What is the best compression algorithm that allows random reads/writes in a file?

Brian R. Bondy picture Brian R. Bondy · Oct 25, 2008 · Viewed 7.2k times · Source

What is the best compression algorithm that allows random reads/writes in a file?

I know that any adaptive compression algorithms would be out of the question.

And I know huffman encoding would be out of the question.

Does anyone have a better compression algorithm that would allow random reads/writes?

I think you could use any compression algorithm if you write it in blocks, but ideally I would not like to have to decompress a whole block at a time. But if you have suggestions on an easy way to do this and how to know the block boundaries, please let me know. If this is part of your solution, please also let me know what you do when the data you want to read is across a block boundary?

In the context of your answers please assume the file in question is 100GB, and sometimes I'll want to read the first 10 bytes, and sometimes I'll want to read the last 19 bytes, and sometimes I'll want to read 17 bytes in the middle. .

Answer

David Cary picture David Cary · Aug 8, 2010

I am stunned at the number of responses that imply that such a thing is impossible.

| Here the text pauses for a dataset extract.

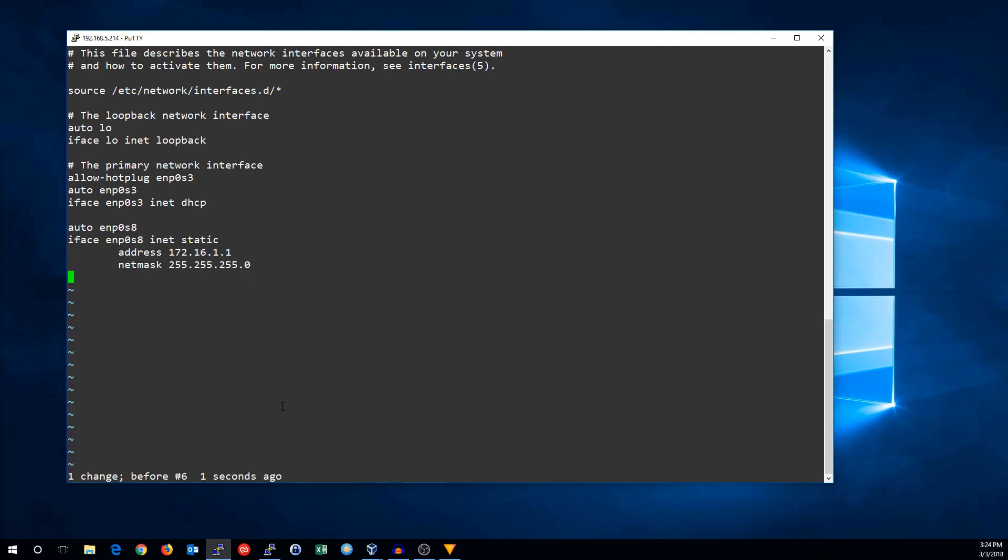One more setting you may want to configure is DNS nameservers. On Debian, they don't install the resolv.conf package by default, so this won't do anything here. But it does work on Ubuntu or if you install resolvconf. So I can put my nameservers in here if I want, and that will configure my nameservers on boot, but only if I add the resolvconf package.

Have these people never heard of "compressed file systems", which have been around since before Microsoft was sued in 1993 by Stac Electronics over compressed file system technology?

I hear that LZS and LZJB are popular algorithms for people implementing compressed file systems, which necessarily require both random-access reads and random-access writes.

Perhaps the simplest and best thing to do is to turn on file system compression for that file, and let the OS deal with the details. But if you insist on handling it manually, perhaps you can pick up some tips by reading about NTFS transparent file compression.

Also check out: "StackOverflow: Compression formats with good support for random access within archives?"